La Constitution fédérale garantit l'égalité des Suisses devant la loi. Cet article est devenu l'une des pierres angulaires de l'ordre public suisse et la doctrine, comme le Tribunal fédéral, ont eu l'occasion, à réitérées reprises, d'en définir et d'en délimiter l'application. Il constitue, dans une mise en forme juridique, la concrétisation d'un principe essentiel reconnu depuis la fin du XVIIle siècle: tous les hommes naissent libres et égaux en droit. Il n'y a plus d'esclaves ni de privilégiés. Ce principe, issu de la Déclaration des droits de l'homme de 1789, est déjà contenu dans la Déclaration genevoise des droits et devoirs de l'homme social, qui date de 1793. Il n'en a pas toujours été ainsi. 
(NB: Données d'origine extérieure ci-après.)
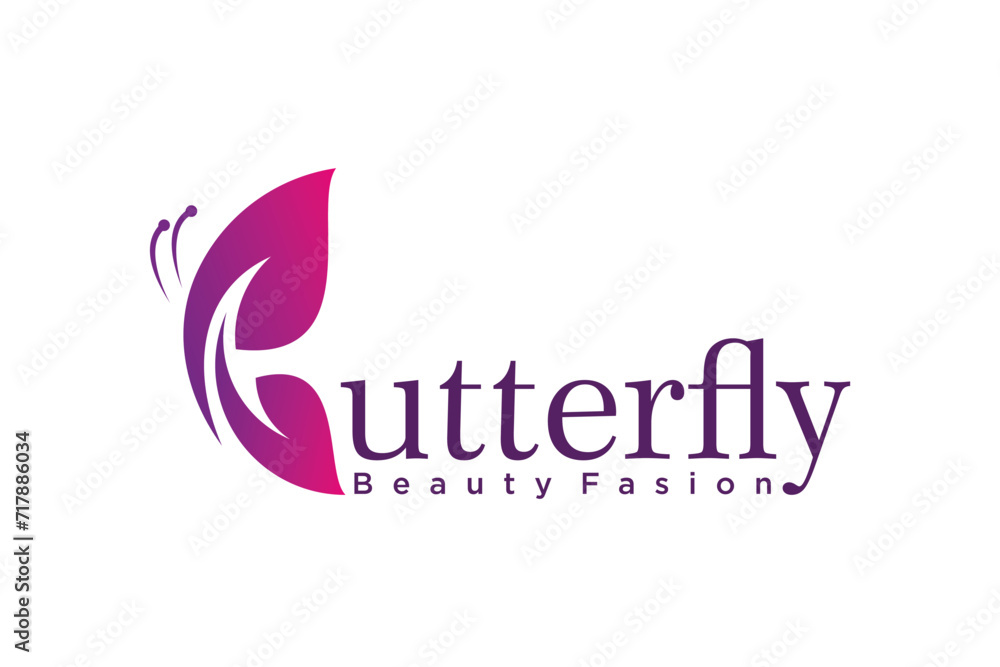 butterfly beauty logo design unique concept premium vector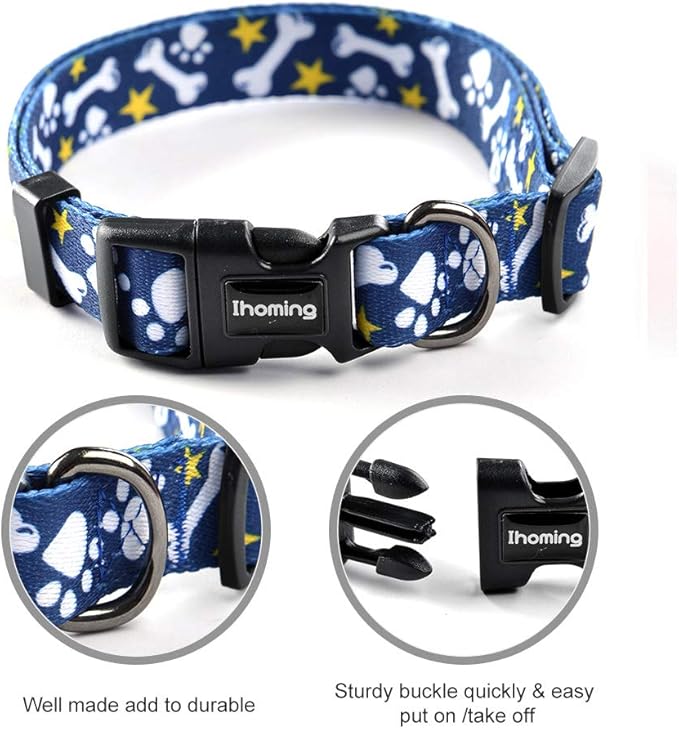 Ihoming Puppy Collar and Leash Set for Daily Outdoor Walking Running Training, Bone Design for Extra Small Boys Girls Dogs Cats Pets, XS-Up to 10LBS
Au Moyen Age: libres et non-libres

Le statut personnel dans l'Antiquité variait suivant les personnes: les unes étaient libres, les autres esclaves. Parmi les hommes libres, on distinguait entre les citoyens romains et les autres. Ces différences s'atténuèrent au Bas-Empire pour être remplacées par celles provenant de l'origine des personnes: autochtone ou germanique. A l'époque épiscopale, comme durant toute la période médiévale, le statut des personnes est marqué par une profonde division entre les hommes libres, d'une part, les non-libres ou serfs, d'autre part. Le reste fait surtout l'affaire des historiens du droit qui ont affiné les distinctions entre diverses catégories de libres et de non-libres. [p. 65: image / p. 66]
L'appellation usuelle de serf, ou servus, est trompeuse dans la mesure où le terme disparaît, dans les documents genevois, après 1156. Les textes ne parlent plus que d'hommes liges taillables ou censits. Mais "on ne peut nier qu'être homme censit ou taillable, c'est être serf" déclare un document de 1442. Le principe du servage est simple: il s'agit de l'attachement exclusif à un seigneur. L'homme libre jouit de la libertas vagandi (liberté d'aller et venir), qui n'est procurée au non-libre que par l'affranchissement. Le serf est donc attaché à son seigneur; il paie la taille servile et est assujetti à la mainmorte, marque servile par excellence, c'est-à-dire que s'il n'a pas d'héritier direct, ses biens reviennent à son seigneur (voir le volume II de cette Encyclopédie, pages 65-67). 

Le statut des citadins 

L'air de la ville rend libre. Selon un principe général, après un an et un jour, tout homme résidant en ville est libre, car le statut du bourgeois (habitant d'un bourg) et celui du serf sont incompatibles. A Genève, en vertu de l'accord de Seyssel (1124), les étrangers, après avoir séjourné un an et un jour dans la ville, dépendent de l'évêque seul, à l'exclusion de tout autre seigneur. Tous les habitants de la ville sont donc sujets de l'évêque. Tous bénéficient des garanties accordées aux personnes et aux biens. Mais peu à peu, dans la deuxième moitié du XIIIe siècle, une catégorie se distingue, celle des citoyens (cives) ou bourgeois (burgenses): ce sont ceux qui adhèrent à la communauté des bourgeois et jouissent de privilèges matériels ainsi que de droits judiciaires et politiques. Pour être considéré comme bourgeois, à l'époque épiscopale, il faut recevoir une lettre de bourgeoisie. La plus ancienne conservée est celle d'Hugonod de Jussier, du 23 août 1339. Par cette lettre, les quatre syndics déclarent recevoir ledit Hugonod comme leur "associé, juré et bourgeois", moyennant une finance de 4 livres de Genève et l'obligation de tenir des armes ainsi que de payer les contributions dues par les bourgeois. Les droits dont jouit le bourgeois de Genève sont étendus: il bénéficie de la liberté de commercer tous les jours de la semaine, alors que les étrangers ne peuvent le faire que les jours de marché ou de foire; il peut vendre le vin des Franchises sans taxe, il se voit accorder un droit préférentiel dans les transactions commerciales de la cité; enfin, il jouit de droits politiques. En contrepartie, le bourgeois doit contribuer aux dépenses de la ville, la protéger, et donc posséder des armes.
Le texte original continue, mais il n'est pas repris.